DISCRIMINACIÓN EN EL SISTEMA ESCOLAR
La
discriminación en los colegios o liceos, o en cualquier otro espacio
educacional, es una realidad que puede afectar de manera directa a docentes y
estudiantes identificados/as como homosexuales o transexuales, según han
reconocido el Ministerio de Educación y el Colegio de Profesores. La
invisibilidad del tema en los contenidos o charlas referentes a los derechos
humanos o la sexualidad, también es un acto de discriminación.
EL
BULLYING
A
raíz de los mitos o ignorancia sobre las identidades de género y las
orientaciones sexuales es habitual que los estudiantes o docentes identificados
como homosexuales o transexuales sean víctimas de burlas o molestias por parte
de sus propios compañeras/os o colegas.
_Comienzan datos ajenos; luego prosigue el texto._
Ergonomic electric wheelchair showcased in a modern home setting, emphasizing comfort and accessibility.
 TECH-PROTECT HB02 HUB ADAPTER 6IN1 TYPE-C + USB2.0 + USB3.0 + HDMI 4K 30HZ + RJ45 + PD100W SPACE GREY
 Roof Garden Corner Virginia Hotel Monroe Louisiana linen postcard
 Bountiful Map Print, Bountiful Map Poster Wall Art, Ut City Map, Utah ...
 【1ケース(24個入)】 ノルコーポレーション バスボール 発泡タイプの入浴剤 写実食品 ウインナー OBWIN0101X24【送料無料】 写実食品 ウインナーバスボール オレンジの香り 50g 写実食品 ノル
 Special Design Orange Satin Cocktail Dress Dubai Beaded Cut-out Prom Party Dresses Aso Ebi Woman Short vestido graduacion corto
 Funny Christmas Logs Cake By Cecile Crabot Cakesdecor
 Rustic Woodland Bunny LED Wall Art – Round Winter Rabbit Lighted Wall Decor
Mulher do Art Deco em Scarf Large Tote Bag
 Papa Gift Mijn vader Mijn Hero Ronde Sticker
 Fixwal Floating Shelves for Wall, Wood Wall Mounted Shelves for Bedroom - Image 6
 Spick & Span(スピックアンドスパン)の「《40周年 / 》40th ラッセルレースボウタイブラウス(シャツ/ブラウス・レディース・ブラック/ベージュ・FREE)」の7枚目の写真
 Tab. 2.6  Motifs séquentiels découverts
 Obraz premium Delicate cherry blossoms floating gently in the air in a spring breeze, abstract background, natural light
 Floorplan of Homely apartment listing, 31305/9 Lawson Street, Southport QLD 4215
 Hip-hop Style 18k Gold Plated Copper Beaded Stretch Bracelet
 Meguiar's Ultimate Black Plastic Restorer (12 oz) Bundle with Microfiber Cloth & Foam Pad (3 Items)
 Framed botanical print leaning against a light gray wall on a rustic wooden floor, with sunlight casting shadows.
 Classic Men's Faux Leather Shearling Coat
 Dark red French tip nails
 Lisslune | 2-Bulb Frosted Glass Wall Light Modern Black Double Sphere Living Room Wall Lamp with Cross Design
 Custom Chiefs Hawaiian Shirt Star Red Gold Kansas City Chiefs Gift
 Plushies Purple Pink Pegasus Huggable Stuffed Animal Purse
La
violencia o intimidación en el sistema escolar, como puede ser la
discriminación u otro tipo de fenómeno, ha sido conocida en Chile y en el mundo
con el nombre de bullying, palabra que viene del anglicismo “matón” o
“matonaje”.
El
bullying homofóbico o transfóbico puede expresarse en violencia física o verbal
o en la sanción, expulsión o despido de estudiantes o docentes sólo por ser
identificado/as como homosexuales o transexuales.
El
o la agresora puede ejercer directamente la violencia o mandar a otras personas
a ejecutarla, además de utilizar espacios distintos al colegio para cometer la
discriminación, como pueden ser las afueras del establecimiento o internet.
La
invisibilidad
La
carencia de menciones en los textos escolares sobre las aportaciones
científicas y culturales en torno a las personas homosexuales o transexuales,
así como la ausencia en los debates de aula sobre las diversas formas de vivir
la sexualidad (homosexual, bisexual, heterosexual y transexual) contribuyen a
incrementar los prejuicios e ignorancia y, por tanto, facilitan contextos para
la expresión del bullying.
Ello
porque lo que no se nombra no existe para los estudiantes y profesores y
lo desconocido generalmente provoca
temor, desconfianza o prejuicios, todos caldos de cultivo para la
discriminación o el bullying de cualquier tipo.
Efectos
de la discriminación y el bullying
Cualquier
forma de expresión del bullying o de la discriminación provoca negativos efectos
no sólo en las personas dañadas, sino también en los responsables de la
agresión o violencia, por tanto la erradicación de la homofobia y transfobia
hace bien a todos los seres humanos.